At MBC Financial Limited, we assist in the process of ensuring the Company’s understanding that those people of most value tend to generate Income and should attract the same attention to
Insurance as a motor fleet or piece of machinery. Keyman insurance is the way to protect the company from these pitfalls.

Key Person Insurance or Key Man Insurance entails the application of a Life Assurance Policy initiated by a company on the life of one of its employees or directors with a view to compensating the company for an anticipated financial loss in the event of the death, contraction and survival of a specified Critical Illness, of the individual concerned.

Such a plan is designed to allow the Company to put structures and arrangements in place to financially protect the business
with a cash lump sum, capable of helping the business deal with the ensuing challenges which may involve:

  • A fall in company profits
  • Difficulty in paying your company bills
  • Recruiting a replacement
  • Repaying outstanding bank loans especially those where personal guarantees were granted
  • Purchasing a deceased Partner’s or Director’s share of the business and ensuring their estate receives the
    appropriate market value

Partnership Protection Insurance

The loss of a business partner or shareholder can have serious implications for any company. In the case of the death of a business partner, as well as losing a key contributor to the management of the organisation, shares in the company can pass on to their immediate family, which can pose questions for the business going forward:

  • Will the family want to become involved in the strategic direction of the business?
  • Will the remaining business partner(s) want to work with the new shareholders?
  • Will the partnership have to pay an income to the new shareholders?
  • Would the family prefer a cash payment instead of a stake in the business?

Partnership Protection Insurance protects both the company and the new shareholders in the event of the death of a partner.

How it works:

  • An agreement is drawn up by the shareholders by which they agree to buy back the shares in the event of the death of one of the partners from their representatives.
  • A life assurance policy is taken out by each partner to provide a fund for the buyback of shares in the event of their death. Each partner is responsible for their own life assurance premium.

The Benefits

  • The surviving partners retain control of the company, as the deceased’s shares are cancelled.
  • The dependants of a deceased partner can realise their shares for cash, shortly after death.
  • The cost of the life assurance policies is borne totally by each individual.

It’s a good idea get legal and financial advice before taking out Partnership Protection Insurance as there may be circumstances where this arrangement may not be suitable.

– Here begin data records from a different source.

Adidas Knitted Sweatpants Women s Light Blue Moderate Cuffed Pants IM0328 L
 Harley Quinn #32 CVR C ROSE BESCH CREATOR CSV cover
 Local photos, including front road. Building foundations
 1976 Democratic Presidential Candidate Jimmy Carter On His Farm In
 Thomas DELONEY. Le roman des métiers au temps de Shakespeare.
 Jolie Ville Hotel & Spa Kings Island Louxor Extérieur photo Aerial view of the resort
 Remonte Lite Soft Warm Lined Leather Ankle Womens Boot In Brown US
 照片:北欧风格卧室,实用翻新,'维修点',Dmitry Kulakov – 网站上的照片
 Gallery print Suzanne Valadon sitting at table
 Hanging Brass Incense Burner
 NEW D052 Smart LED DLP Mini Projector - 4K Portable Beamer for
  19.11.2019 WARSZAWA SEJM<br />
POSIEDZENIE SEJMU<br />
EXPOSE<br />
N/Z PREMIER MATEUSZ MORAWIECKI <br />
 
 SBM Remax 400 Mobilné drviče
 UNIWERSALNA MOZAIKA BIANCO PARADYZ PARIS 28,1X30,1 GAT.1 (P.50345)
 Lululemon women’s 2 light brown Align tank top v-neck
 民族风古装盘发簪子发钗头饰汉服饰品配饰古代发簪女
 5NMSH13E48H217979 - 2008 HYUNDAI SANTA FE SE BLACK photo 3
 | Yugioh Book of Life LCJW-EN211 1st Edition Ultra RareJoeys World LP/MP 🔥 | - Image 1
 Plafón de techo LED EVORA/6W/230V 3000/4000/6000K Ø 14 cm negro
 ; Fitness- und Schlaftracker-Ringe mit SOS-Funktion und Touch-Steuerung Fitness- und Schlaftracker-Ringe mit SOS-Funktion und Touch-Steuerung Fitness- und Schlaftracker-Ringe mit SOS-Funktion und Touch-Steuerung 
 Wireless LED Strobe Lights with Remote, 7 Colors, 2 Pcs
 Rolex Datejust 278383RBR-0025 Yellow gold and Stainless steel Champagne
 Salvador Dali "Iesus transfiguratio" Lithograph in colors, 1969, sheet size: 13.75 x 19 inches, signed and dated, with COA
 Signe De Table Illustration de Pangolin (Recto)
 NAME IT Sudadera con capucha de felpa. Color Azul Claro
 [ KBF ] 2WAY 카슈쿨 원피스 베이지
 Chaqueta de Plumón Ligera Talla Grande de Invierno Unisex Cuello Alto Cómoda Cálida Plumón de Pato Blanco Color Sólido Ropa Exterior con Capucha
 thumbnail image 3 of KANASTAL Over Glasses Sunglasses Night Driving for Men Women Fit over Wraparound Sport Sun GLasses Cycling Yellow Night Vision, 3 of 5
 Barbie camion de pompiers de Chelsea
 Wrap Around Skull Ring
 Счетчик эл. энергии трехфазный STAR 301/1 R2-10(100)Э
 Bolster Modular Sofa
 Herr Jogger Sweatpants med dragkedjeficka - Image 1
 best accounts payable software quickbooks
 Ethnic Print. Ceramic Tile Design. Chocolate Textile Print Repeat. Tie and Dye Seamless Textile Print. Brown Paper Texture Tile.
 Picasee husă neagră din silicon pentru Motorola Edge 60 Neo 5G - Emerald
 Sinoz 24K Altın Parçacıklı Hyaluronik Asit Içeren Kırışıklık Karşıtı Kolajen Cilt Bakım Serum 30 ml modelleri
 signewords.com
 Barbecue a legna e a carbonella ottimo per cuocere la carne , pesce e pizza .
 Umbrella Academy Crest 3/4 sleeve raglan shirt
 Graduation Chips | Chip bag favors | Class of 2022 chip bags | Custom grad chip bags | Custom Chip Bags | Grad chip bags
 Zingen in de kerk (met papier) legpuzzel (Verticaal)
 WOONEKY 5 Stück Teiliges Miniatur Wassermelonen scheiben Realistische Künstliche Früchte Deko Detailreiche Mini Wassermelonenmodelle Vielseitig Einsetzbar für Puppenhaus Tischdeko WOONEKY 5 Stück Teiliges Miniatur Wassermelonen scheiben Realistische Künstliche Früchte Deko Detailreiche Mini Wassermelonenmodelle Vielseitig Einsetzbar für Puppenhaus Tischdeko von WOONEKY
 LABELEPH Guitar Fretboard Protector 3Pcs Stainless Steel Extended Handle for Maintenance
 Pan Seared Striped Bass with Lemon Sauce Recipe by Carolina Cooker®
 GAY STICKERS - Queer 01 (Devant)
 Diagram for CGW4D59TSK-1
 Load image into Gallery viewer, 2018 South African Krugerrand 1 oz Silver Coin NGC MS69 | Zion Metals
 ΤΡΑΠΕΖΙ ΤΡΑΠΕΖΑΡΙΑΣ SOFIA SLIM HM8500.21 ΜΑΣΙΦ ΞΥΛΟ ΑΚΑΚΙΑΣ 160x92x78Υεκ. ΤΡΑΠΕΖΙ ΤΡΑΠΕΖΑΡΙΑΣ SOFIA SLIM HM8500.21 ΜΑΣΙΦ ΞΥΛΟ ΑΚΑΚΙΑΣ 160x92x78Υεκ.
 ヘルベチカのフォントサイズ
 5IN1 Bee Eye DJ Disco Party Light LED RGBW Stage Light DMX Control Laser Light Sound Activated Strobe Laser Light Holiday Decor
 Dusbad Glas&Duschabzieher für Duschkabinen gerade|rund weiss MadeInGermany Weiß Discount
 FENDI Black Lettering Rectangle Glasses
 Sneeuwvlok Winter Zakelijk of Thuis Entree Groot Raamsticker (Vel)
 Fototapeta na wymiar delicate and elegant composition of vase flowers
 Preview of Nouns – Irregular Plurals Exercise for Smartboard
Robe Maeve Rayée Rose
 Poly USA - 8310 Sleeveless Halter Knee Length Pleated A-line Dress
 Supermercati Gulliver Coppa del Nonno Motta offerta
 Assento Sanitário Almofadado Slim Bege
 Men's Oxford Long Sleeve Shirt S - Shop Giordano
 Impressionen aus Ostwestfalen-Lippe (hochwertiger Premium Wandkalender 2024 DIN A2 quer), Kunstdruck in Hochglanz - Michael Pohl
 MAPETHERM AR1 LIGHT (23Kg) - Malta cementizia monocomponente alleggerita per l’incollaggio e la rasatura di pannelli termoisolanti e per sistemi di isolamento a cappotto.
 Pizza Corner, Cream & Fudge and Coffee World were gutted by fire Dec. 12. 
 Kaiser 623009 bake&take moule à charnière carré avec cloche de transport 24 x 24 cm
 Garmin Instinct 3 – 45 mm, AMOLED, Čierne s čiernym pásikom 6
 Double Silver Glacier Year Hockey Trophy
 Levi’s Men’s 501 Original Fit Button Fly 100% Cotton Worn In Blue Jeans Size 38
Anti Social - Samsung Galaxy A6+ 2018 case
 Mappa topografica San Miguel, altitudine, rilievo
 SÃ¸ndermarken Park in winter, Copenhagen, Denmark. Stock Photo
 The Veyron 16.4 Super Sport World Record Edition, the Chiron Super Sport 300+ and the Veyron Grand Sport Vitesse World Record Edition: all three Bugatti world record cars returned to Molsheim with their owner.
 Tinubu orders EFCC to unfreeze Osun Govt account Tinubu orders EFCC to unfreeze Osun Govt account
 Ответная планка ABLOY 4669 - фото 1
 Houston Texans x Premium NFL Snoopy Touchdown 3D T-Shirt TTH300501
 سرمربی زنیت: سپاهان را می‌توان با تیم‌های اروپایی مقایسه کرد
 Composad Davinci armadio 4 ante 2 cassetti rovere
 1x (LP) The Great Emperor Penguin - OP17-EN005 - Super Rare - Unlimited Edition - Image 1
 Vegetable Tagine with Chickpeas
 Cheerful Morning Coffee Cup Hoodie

Shareholder Protection Insurance

The loss of a major shareholder can have serious questions for the company owners and other shareholders:

  • What happens if the shareholder’s family want to be involved with the strategic direction of the business?
  • Will the company directors want to work with a new shareholder?
  • Will the firm have to pay ongoing dividends?
  • Would the new shareholder(s) prefer a cash sum?

In this case, a contract can be drawn up by which the company buys back the shares in the event of the shareholder’s death. As a result, Shareholder Protection Insurance could prove invaluable to protect the company from a major loss.

The process

  • The company enters in an agreement to buy back the shares from the shareholder’s representatives on death.
  • A life assurance policy is taken out on every shareholder agreement to cover the fund required to buy back the shares in the event of the shareholder’s death. In this case, the company pays the policy premium.

The Benefits

  • The surviving shareholders retain control of the company, as the deceased’s shares are bought back by the company and cancelled.
  • The dependants of a deceased shareholder can realise their shares for cash, shortly after death.
  • The cost of the life assurance policies is borne totally by the company, and not by the shareholders personally.

It’s advisable to get legal and financial advice before entering into an agreement regarding Shareholder Protection Insurance, as there may be circumstances where this arrangement may not be suitable.